**Record set**
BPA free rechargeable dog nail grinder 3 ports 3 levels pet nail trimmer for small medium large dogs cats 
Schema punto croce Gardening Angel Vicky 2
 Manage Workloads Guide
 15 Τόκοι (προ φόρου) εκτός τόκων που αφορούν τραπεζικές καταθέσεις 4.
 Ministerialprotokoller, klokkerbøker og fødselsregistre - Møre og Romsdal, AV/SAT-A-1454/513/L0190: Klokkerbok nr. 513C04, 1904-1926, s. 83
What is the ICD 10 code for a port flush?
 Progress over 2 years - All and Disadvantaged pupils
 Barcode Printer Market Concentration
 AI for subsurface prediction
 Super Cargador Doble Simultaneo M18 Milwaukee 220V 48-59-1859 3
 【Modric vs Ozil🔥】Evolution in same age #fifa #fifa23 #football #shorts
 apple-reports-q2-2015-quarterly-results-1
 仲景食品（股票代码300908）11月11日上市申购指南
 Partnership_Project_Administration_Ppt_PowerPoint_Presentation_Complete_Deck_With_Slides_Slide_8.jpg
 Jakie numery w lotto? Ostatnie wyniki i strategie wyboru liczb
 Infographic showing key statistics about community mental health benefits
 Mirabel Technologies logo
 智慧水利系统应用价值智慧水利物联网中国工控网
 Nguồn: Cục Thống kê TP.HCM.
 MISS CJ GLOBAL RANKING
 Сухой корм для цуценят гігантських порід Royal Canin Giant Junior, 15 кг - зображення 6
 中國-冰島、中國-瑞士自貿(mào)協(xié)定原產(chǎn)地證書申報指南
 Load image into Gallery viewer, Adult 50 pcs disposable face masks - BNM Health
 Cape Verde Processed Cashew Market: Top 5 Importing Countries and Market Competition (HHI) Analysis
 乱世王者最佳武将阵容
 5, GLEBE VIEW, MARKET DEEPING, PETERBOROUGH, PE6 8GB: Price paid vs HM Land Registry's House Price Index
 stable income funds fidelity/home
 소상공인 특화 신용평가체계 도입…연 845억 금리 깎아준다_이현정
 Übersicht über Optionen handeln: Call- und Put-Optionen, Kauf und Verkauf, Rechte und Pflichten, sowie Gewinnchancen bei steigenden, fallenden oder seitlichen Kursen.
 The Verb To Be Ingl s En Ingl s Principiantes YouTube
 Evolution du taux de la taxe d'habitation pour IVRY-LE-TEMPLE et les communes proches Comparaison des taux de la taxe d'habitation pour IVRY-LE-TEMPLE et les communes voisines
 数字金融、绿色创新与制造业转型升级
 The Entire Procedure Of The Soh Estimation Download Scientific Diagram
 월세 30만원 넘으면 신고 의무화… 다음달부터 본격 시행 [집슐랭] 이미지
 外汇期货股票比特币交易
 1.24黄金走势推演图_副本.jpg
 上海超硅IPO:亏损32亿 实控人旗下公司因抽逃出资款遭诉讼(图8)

**What this task involves**
Set down the lines above as they stand, starting with the first line and ending with the line that contains "中國-冰島、中國-瑞士自貿(m".

**Written response**
BPA free rechargeable dog nail grinder 3 ports 3 levels pet nail trimmer for small medium large dogs cats 
Schema punto croce Gardening Angel Vicky 2
 Manage Workloads Guide
 15 Τόκοι (προ φόρου) εκτός τόκων που αφορούν τραπεζικές καταθέσεις 4.
 Ministerialprotokoller, klokkerbøker og fødselsregistre - Møre og Romsdal, AV/SAT-A-1454/513/L0190: Klokkerbok nr. 513C04, 1904-1926, s. 83
What is the ICD 10 code for a port flush?
 Progress over 2 years - All and Disadvantaged pupils
 Barcode Printer Market Concentration
 AI for subsurface prediction
 Super Cargador Doble Simultaneo M18 Milwaukee 220V 48-59-1859 3
 【Modric vs Ozil🔥】Evolution in same age #fifa #fifa23 #football #shorts
 apple-reports-q2-2015-quarterly-results-1
 仲景食品（股票代码300908）11月11日上市申购指南
 Partnership_Project_Administration_Ppt_PowerPoint_Presentation_Complete_Deck_With_Slides_Slide_8.jpg
 Jakie numery w lotto? Ostatnie wyniki i strategie wyboru liczb
 Infographic showing key statistics about community mental health benefits
 Mirabel Technologies logo
 智慧水利系统应用价值智慧水利物联网中国工控网
 Nguồn: Cục Thống kê TP.HCM.
 MISS CJ GLOBAL RANKING
 Сухой корм для цуценят гігантських порід Royal Canin Giant Junior, 15 кг - зображення 6
 中國-冰島、中國-瑞士自貿(mào)協(xié)定原產(chǎn)地證書申報指南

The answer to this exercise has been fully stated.